A Real Assumption Stack Example

Here’s an assumption stack from a SaaS idea I evaluated last year.

AssumptionImpact (1-5)Uncertainty (1-5)Risk Score
SME owners will pay for compliance tracking5315
They’ll pay €49/month specifically4416
We can reach them through LinkedIn3412
The tool can be built with no-code224
Word of mouth will drive 30% of growth3515
Churn will be below 5% monthly4520
One founder can operate this solo339

The highest risk assumption: churn below 5% (score 20). This was the most uncertain and would kill the business if wrong. Testing it required getting 20+ customers and measuring actual retention — which meant the churn assumption couldn’t be tested until after other assumptions (problem, price, channel) were validated.

The second-highest: price (score 16). Testable immediately through pre-selling.

The testing order: price first (can test this week), problem (in parallel through customer conversations), channel (next week with a small LinkedIn campaign), then churn (after 1-2 months of real customers).

By testing in this order, we discovered the price was right but the channel was wrong — LinkedIn didn’t convert for this audience. We pivoted to industry-specific forums and the channel started working. If we’d assumed LinkedIn worked and built the whole marketing strategy around it, we’d have wasted months.

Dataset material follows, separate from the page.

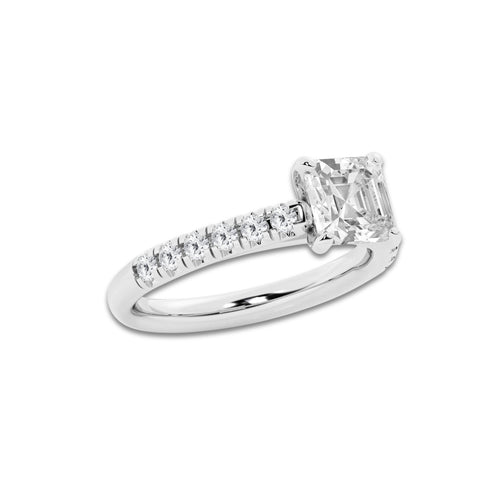 1.91 ctw Asscher Lab-Grown Diamond Pave Engagement Ring in 14K White Gold for Women | E Color, VS1 Clarity, IGI Certified 1.50 ct Center Diamond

Testing Assumptions Cheaply

Each assumption type has a standard cheap test.

Problem assumption: 10-15 customer conversations. Cost: your time. Timeline: 1-2 weeks.

Customer assumption: Community research + direct outreach to 50 target profiles. Cost: your time. Timeline: 1 week.

Solution assumption: Wizard of Oz MVP or manual delivery to 5-10 customers. Cost: your time + maybe €50 in tools. Timeline: 2-4 weeks.

Price assumption: Pre-sell at proposed price to 40-50 targets. Cost: Stripe setup fee. Timeline: 1-2 weeks.

Channel assumption: Small test campaign on proposed channel with €100 budget or 50 organic posts. Cost: €100 or time. Timeline: 2-4 weeks.

The total cost of testing all five assumption types: under €200 and 6-8 weeks. Compare that to building a product for six months and discovering the assumptions were wrong. The assumption stack turns a €50,000 gamble into a €200 experiment.

When Assumptions Change

Assumptions aren’t static. As you learn from testing, assumptions get confirmed, disproven, or — most often — refined.

“SME owners will pay for compliance tracking” might refine into “SME owners in healthcare will pay for GDPR compliance tracking.” The broad assumption was sort-of-true, but the refined version is much more actionable. This refinement is the normal output of assumption testing — not a clean yes/no, but a sharper understanding of the conditions under which the assumption holds.

When a high-risk assumption is disproven, you face the pivot-or-persevere decision. The assumption stack makes this decision clearer because you know exactly which assumption failed and can evaluate whether it’s fixable (change the price, change the channel) or fundamental (the problem isn’t real enough).

Key Takeaways

  • Every business idea is a stack of assumptions. List them all — typically 15-25 for a new idea.
  • Rank assumptions by Risk = Impact x Uncertainty. Test the highest-risk assumptions first.
  • Five categories of assumptions: problem, customer, solution, business model, and channel. Each can be tested cheaply within 1-4 weeks.
  • Testing all high-risk assumptions costs under €200 and 6-8 weeks. This turns a months-long gamble into a structured experiment.
  • Assumptions refine, not just confirm or deny. The output of testing is usually a sharper version of the original assumption, not a binary yes/no.